According to Chronicle of Higher Education, the Consumer Financial Protection Bureau has sued Corinthian Colleges, accusing the company of "predatory lending and illegal collection tactics."
As the Chronicle noted, Corinthian is "the crippled for-profit higher-education company that is in the process of winding down its operations." In fact, Corinthian has entered into a deal with the U.S. Department of Education, whereby the company will sell or close most of its campuses in exchange for continued access to federal student aid money.
The CFPB is accusing Corinthian of some pretty bad stuff. "We believe Corinthian lured in consumers with lies about their job prospects upon graduation, sold high-cost loans to pay for that false hope, and then harassed students for overdue debts while they were still in school," Richard Cordray, the CFPB chief,was quoted as saying in the Chronicle article.
If Corinthian Colleges did the things the CFPB accused it of doing, then it certainly deserves to be sued.

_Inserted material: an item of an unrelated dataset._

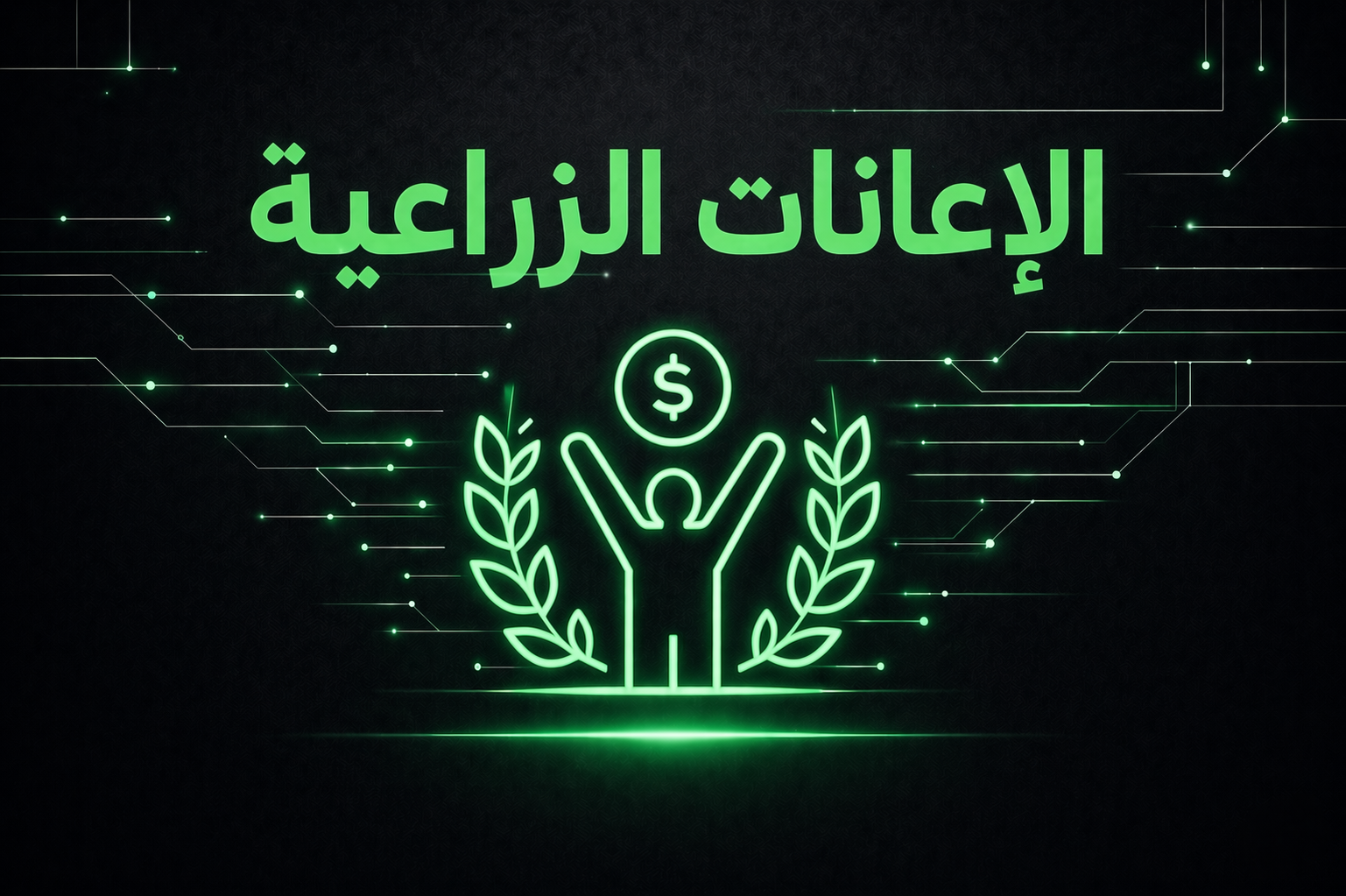 منصة دعم وإعانات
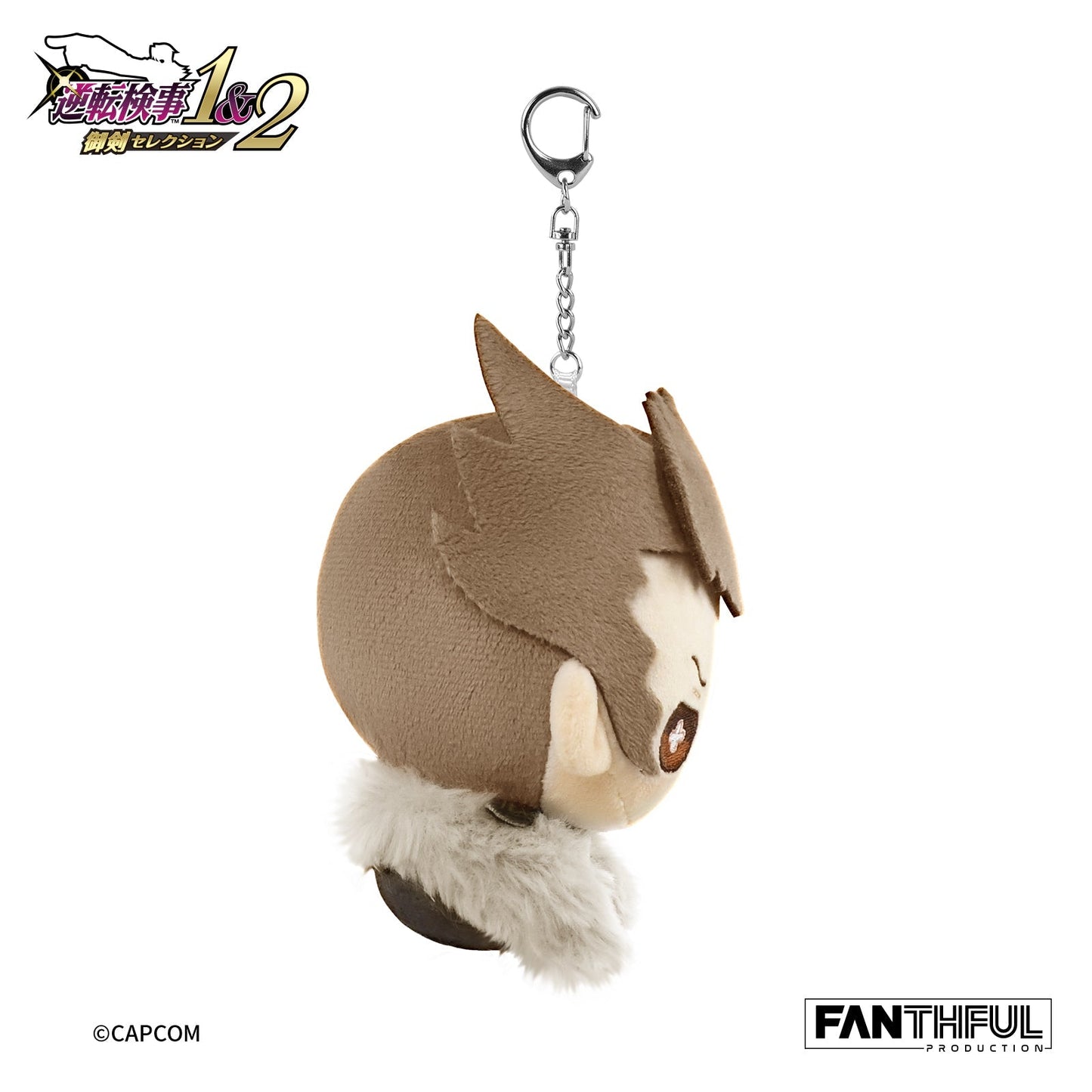 FANTHFUL Ace Attorney Investigations Shi-Long Lang Plush Keychain JAPAN OFFICIAL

But, as the Chronicle of Higher Education pointed out, the company was already in financial trouble.
I am happy to see the Consumer Financial Protection Bureau take some strong action against the for-profit college industry, which has been wracked by reports of abusive behavior. Several for-profits have been accused of engaging in unsavory practices. But I would be happier still if the CFPB would go after abusive for-profit colleges that are not teetering on the edge of closure.
It is OK, I suppose, to beat a dead horse now and then. But I would like to see the CFPB to beat a few live ones.